Jake Lieberman, Staff Writer

It is not too often that you see two people on opposite sides of the political spectrum become incredible friends. Yet the late Supreme Court justices Ruth Bader Ginsburg and Antonin Scalia did just that. Even though Ginsburg was a liberal while Scalia was a conservative, their friendship persisted.

In America today, we need more people who have attitudes and friendships like that of Scalia and Ginsburg. It’s perfectly fine to disagree with someone. However, discourse should remain civil, and both people should listen to and respect each other’s opinions. Our country should be a place where peaceful disagreement and debate are encouraged.

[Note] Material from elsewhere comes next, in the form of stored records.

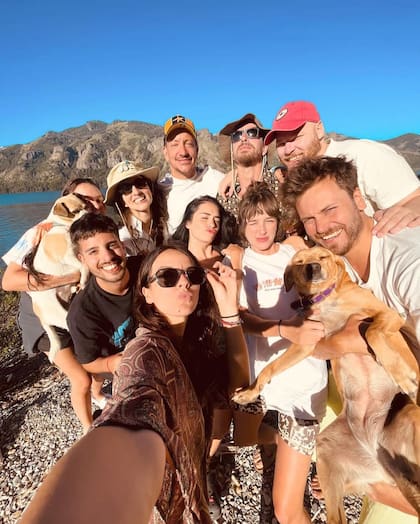 Lali Espósito junto a Nicolás Vázquez, Candela Vetrano y Gimena Accardi entre otros amigos íntimos de la cantante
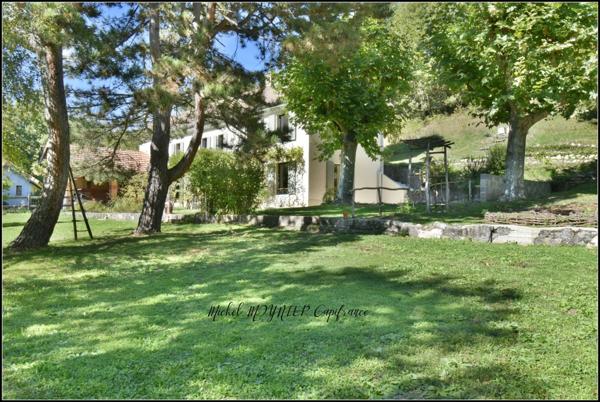 T5 en Duplex avec 3270 m² de jardin à Gap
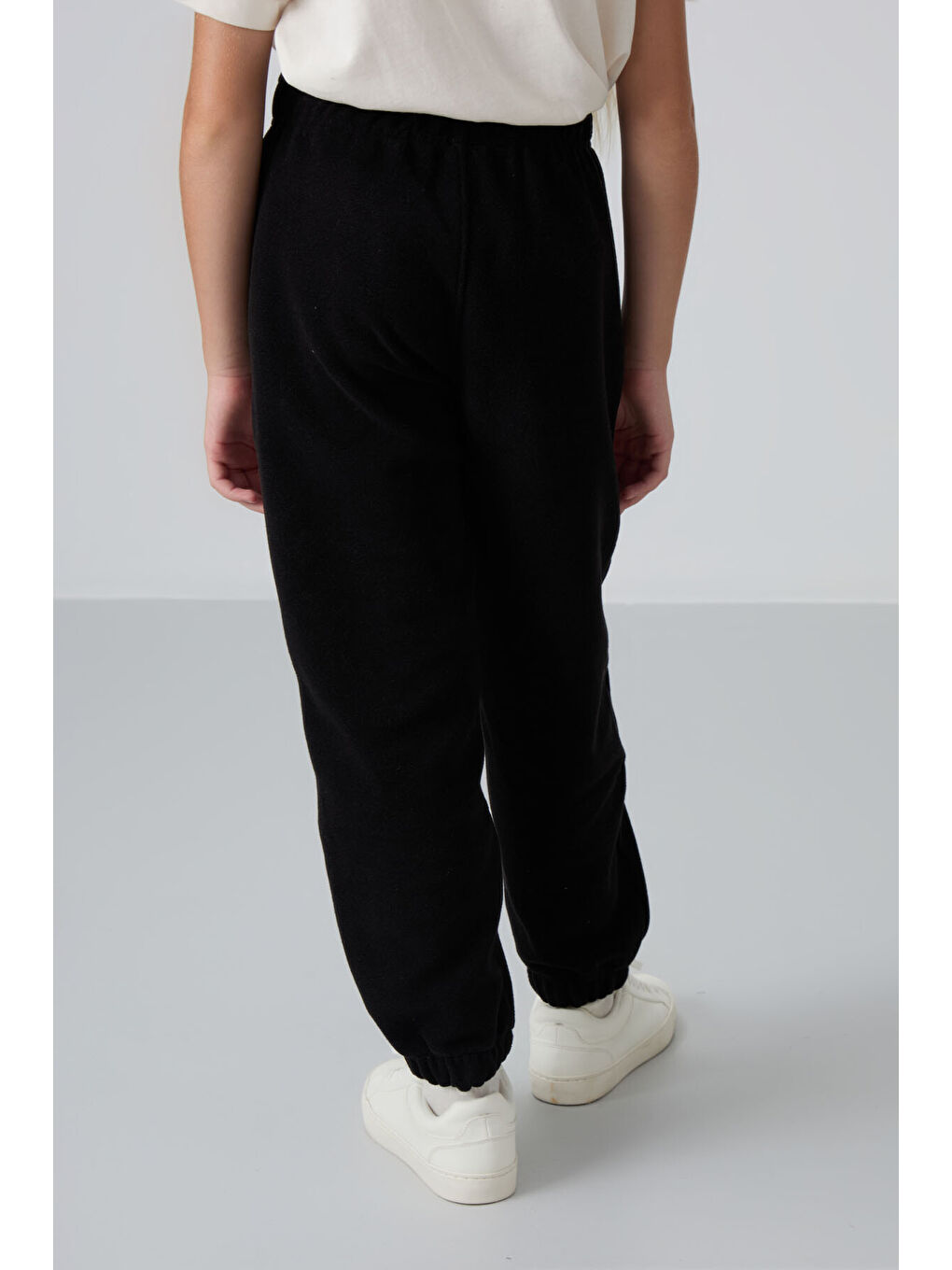 Siyah Kalın Yumuşak Dokulu Standart Fit Nakışlı Polar Kız Çocuk Eşofman Alt - 75155-4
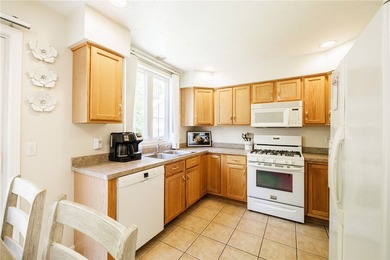 Lovingly maintained by the same owners for 19 years, this - photo 8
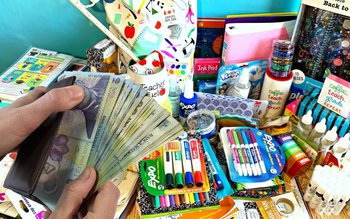 Cât costă rechizitele pentru începutul …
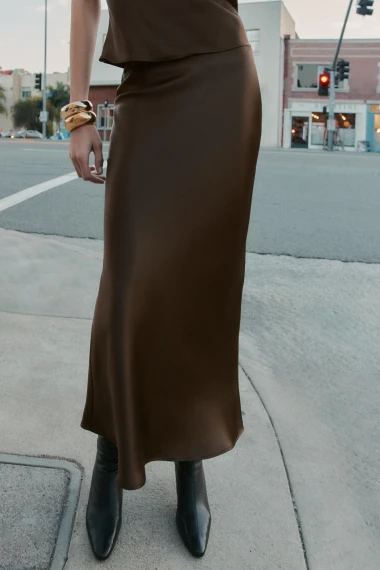 Tople i efektne: Zara ima cool suknje koje se lako uklapaju u svaki zimski outfit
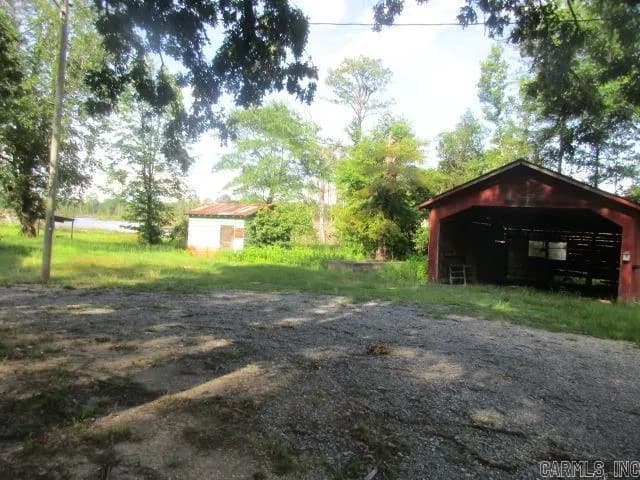 Property at 330  Clements - Image 2
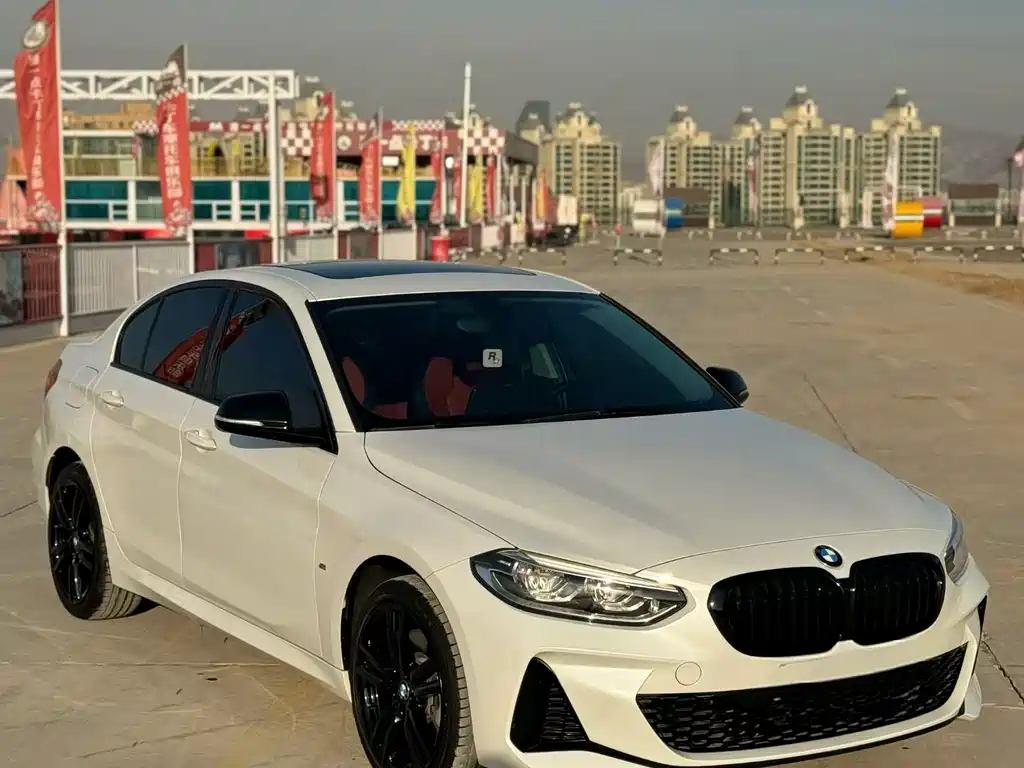 BMW 1 SERIES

In a time of such national and international turmoil, we need to set aside our political differences and focus on hearing each other. Let’s circle back to 2016: Scalia died in February of that year. When a Supreme Court justice passes away, the president  has the opportunity to appoint a new person to occupy their position.

In February 2016, Republicans criticized then-President Barack Obama for trying to appoint another liberal to the Supreme Court in the nine months that remained before the presidential election that year. Senate Majority Leader Mitch McConnell was particularly adamant about this issue.

In contrast, with the passing of Ginsburg occurring just over one month before the impending 2020 election, McConnell has completely reversed his stance. Currently, he is fighting for the Supreme Court position to be filled immediately by President Donald Trump, which will allow a Republican-backed candidate to occupy Ginsburg’s former Supreme Court seat. Hypocrisy or what? 

With Trump fueling this madness, Democrats are hoping to delay Republicans as much as possible. On the other hand, if the Republicans want to increase Trump’s chance of winning the 2020 presidential election — and if it comes down to a decision by the Supreme Court — they need to secure the appointment of Amy Coney Barrett, Trump’s nominee, before Nov. 3.

With such aggressive, combative political views exploding today, it is difficult to imagine genuine dialogue and listening between two individuals with such contrasting views as that of Ginsburg and Scalia. However, their friendship was authentic, and that type of friendship is needed more now than ever.

When two people from opposite sides of the political spectrum get along, listen to each other and respect one another, they provide an example to the rest of the nation that it’s perfectly fine to maintain a friendship and civility with a person with whom you disagree. As two people with significant power and recognition, Scalia and Ginsburg can provide a guide for America as our nation seeks some type of way to listen to and understand each other. Even for very difficult topics, it will allow us to have uncomfortable conversations.

If our country could finally see that, I believe that it would leave a huge positive impact on our current situation where there is immediate outcry and outburst when two people from different sides of the spectrum attempt to talk. It could prevent violence and intimidating times, such as death, destruction and more polarization between Republicans and Democrats.

So, in my eyes, America just needs a couple of people in power who, despite their different political views, respect one another while listening, showing that even though you don’t agree, you can still respect each other, hear each other, discuss challenging issues and possibly even become friends. Let me end on this: we need another Ginsburg-Scalia friendship really soon.